§ TASK PROMPT: Skip the pictures. Retype exactly, and only, the lines between the line holding "Высокочастотная машина для" and the last line below, inclusive.
=== Begin Enclosure ===
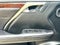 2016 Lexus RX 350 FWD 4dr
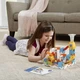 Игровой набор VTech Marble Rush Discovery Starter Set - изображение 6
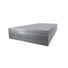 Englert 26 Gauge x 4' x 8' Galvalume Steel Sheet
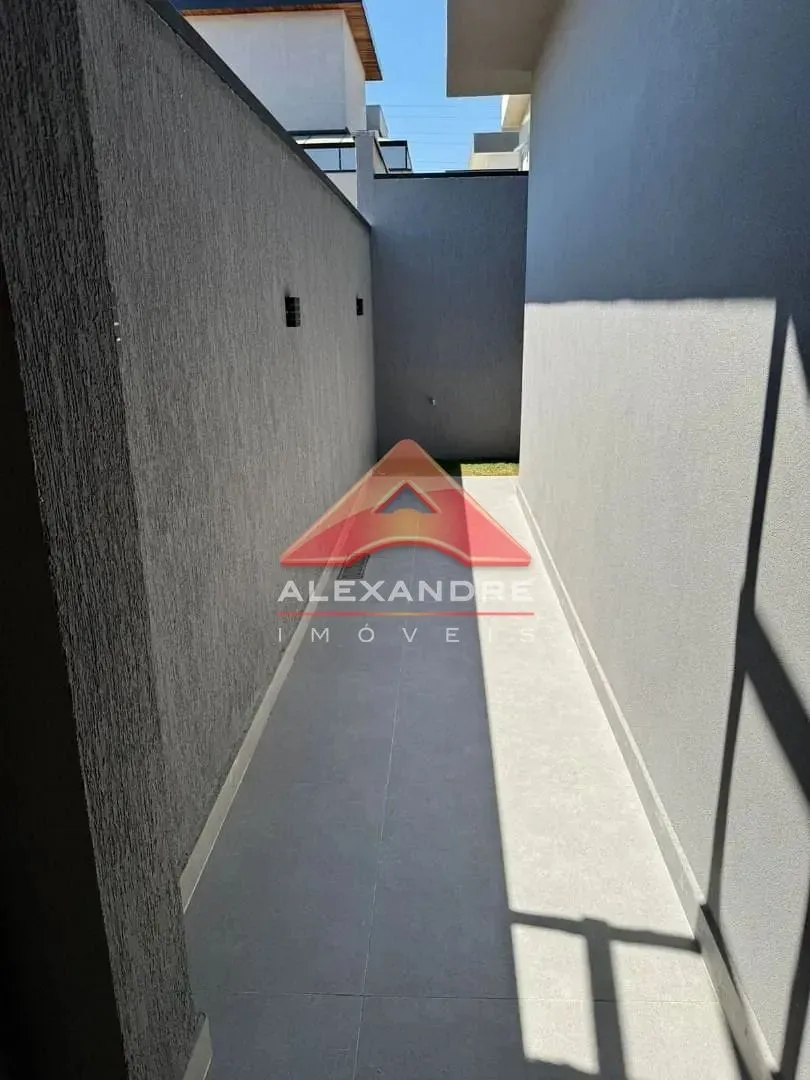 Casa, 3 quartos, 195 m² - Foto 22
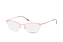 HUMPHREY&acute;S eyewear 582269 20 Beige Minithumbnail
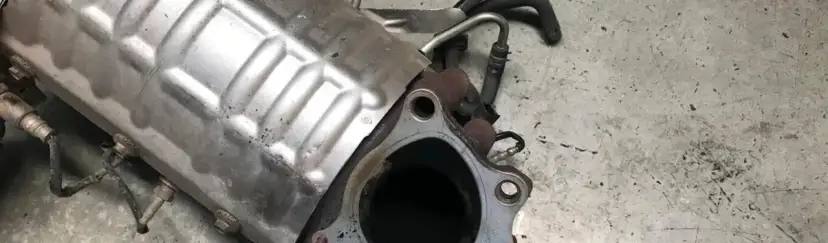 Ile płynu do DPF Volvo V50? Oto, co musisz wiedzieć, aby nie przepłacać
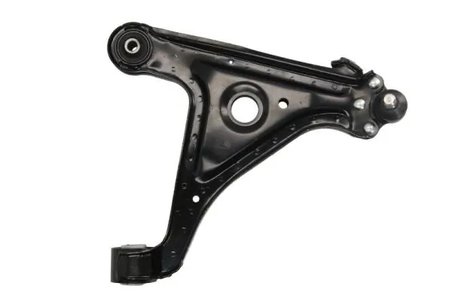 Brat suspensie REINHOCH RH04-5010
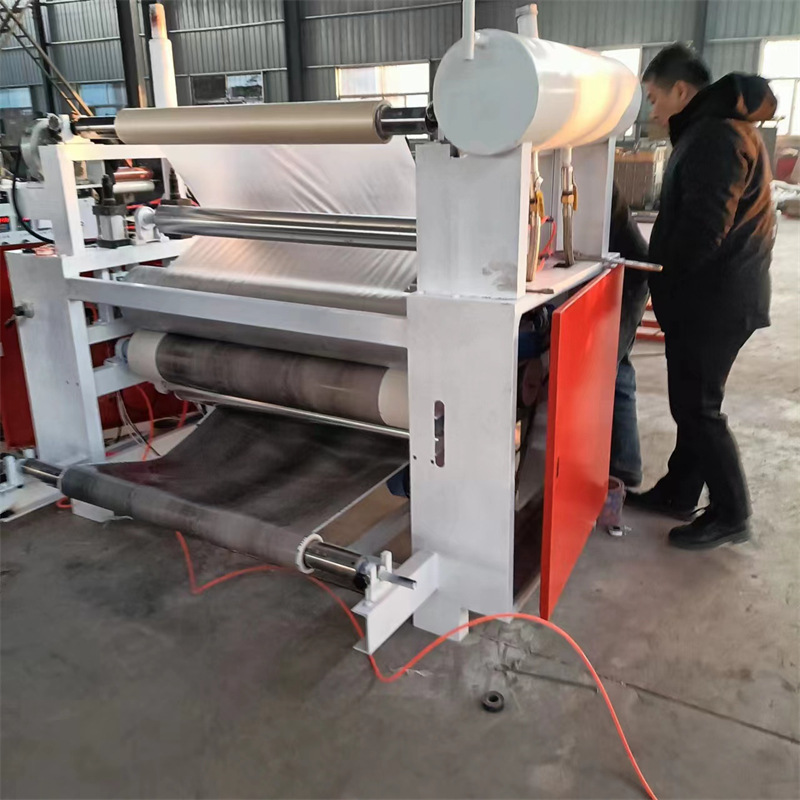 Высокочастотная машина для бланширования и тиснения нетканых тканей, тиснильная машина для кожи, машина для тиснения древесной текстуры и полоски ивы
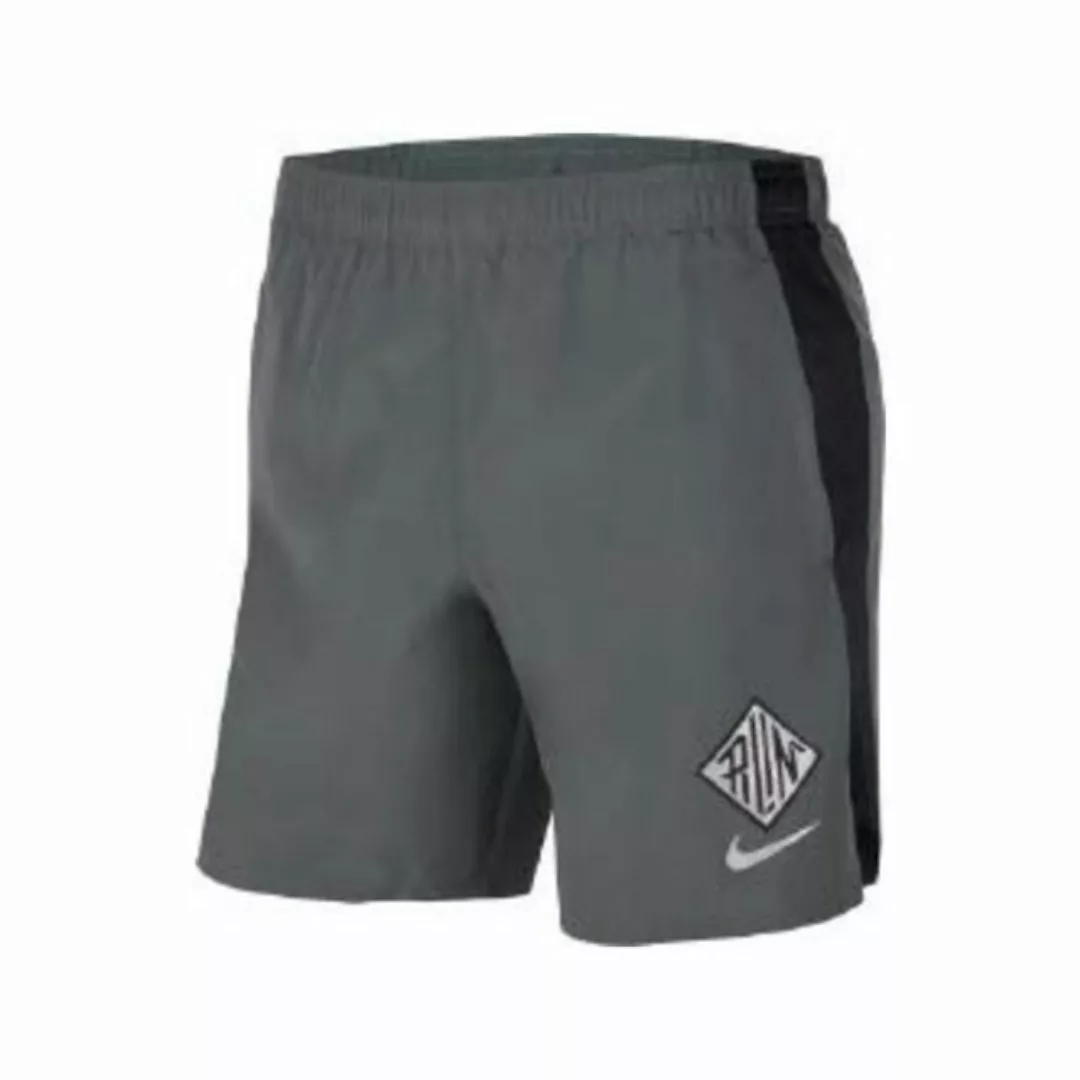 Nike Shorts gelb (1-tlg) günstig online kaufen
=== End Enclosure ===
§ WRITTEN SOLUTION:
 Высокочастотная машина для бланширования и тиснения нетканых тканей, тиснильная машина для кожи, машина для тиснения древесной текстуры и полоски ивы
 Nike Shorts gelb (1-tlg) günstig online kaufen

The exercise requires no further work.